Zeus Electric Chassis Featured in Energy News Network Article
February 8, 2021
Minnesota startup sees a growing niche market for electric work trucks
Zeus Electric Chassis intends to specialize in customizable medium-duty trucks for commercial and government fleets.
An under-the-radar electric vehicle startup in Minnesota has signed a lease for manufacturing space and is finalizing its first sale.
Automotive engineer Robert Grinstead spent eight years designing and developing the prototype for Zeus Electric Chassis. The company will make a medium-duty work truck designed to be easily customized with a variety of tools such as boom lifts. Chassis refers to the load-bearing frame that a vehicle is built on.

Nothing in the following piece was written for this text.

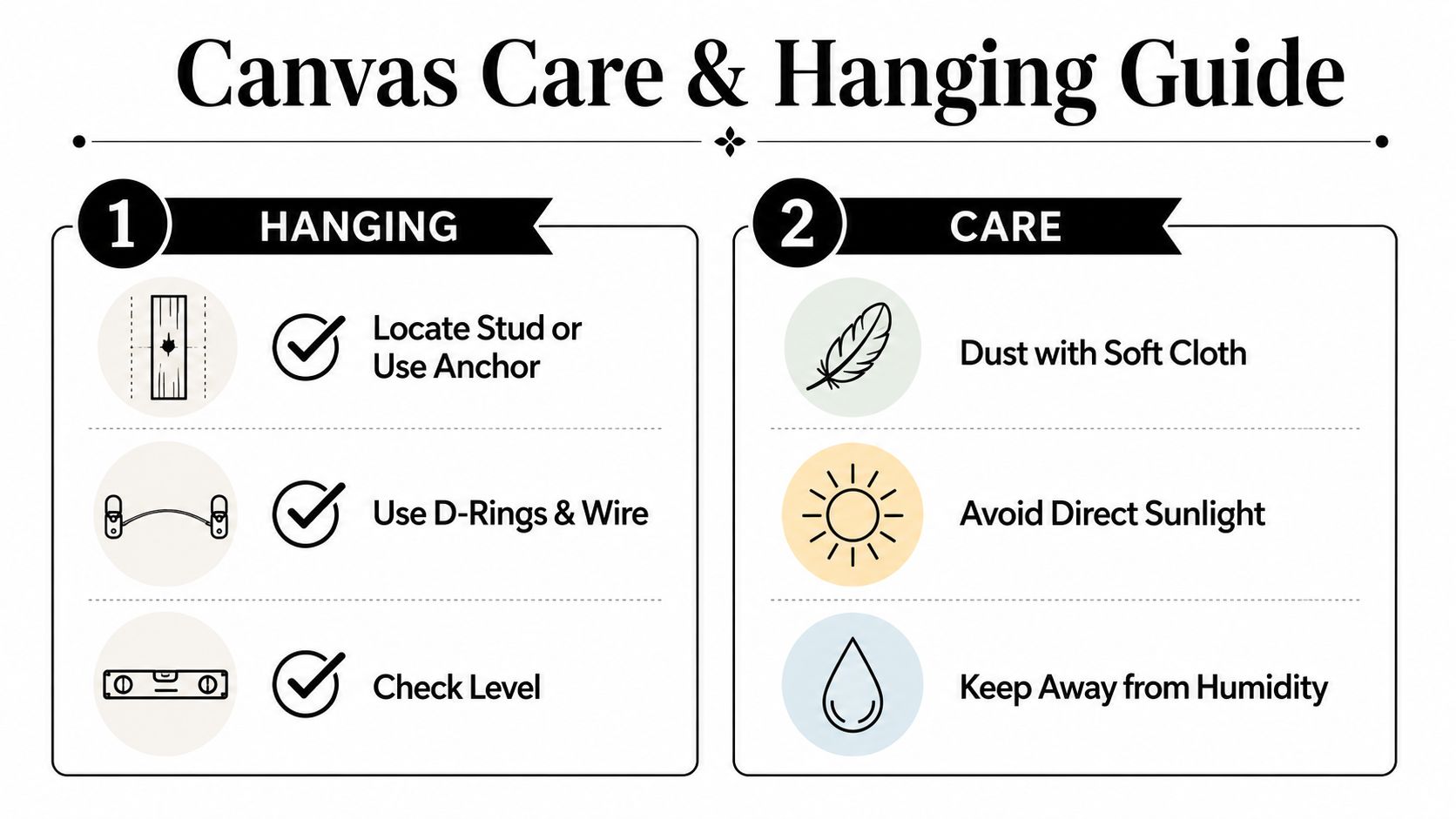 A simple guide illustration on how to hang and care for gallery wrapped canvas prints properly.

The product is aimed at what’s still an underserved niche in the fast-growing electric vehicle market: flatbeds, cherry pickers, delivery trucks and other medium-duty class 4, 5, and 6 vehicles, which are a step up from the biggest pickup but a notch or two below a big rig.
“There’s not a lot of competitors that are out there with an all-electric, purpose-built, medium-duty truck that’s designed to easily integrate different configurations with work packages on them,” said Mark Rawson, chief operating officer of the California Mobility Center, a paid consultant and early supporter of Zeus that works to connect electric vehicle startups with California fleet owners.
Zeus’ relationship with the center has paid off with a pending sale to the Sacramento Municipal Utility District, which is expected to purchase five Zeus Electric Chassis vehicles for $1.2 million by the end of the month.
“I think it’s pretty cutting edge,” said Casey Fallon, director of supply chain and fleet operations for the Sacramento Municipal Utility District. Zeus offered the utility a fully electric vehicle with all the same configuration options standard with conventional medium-duty work vehicles. “It just really made sense.”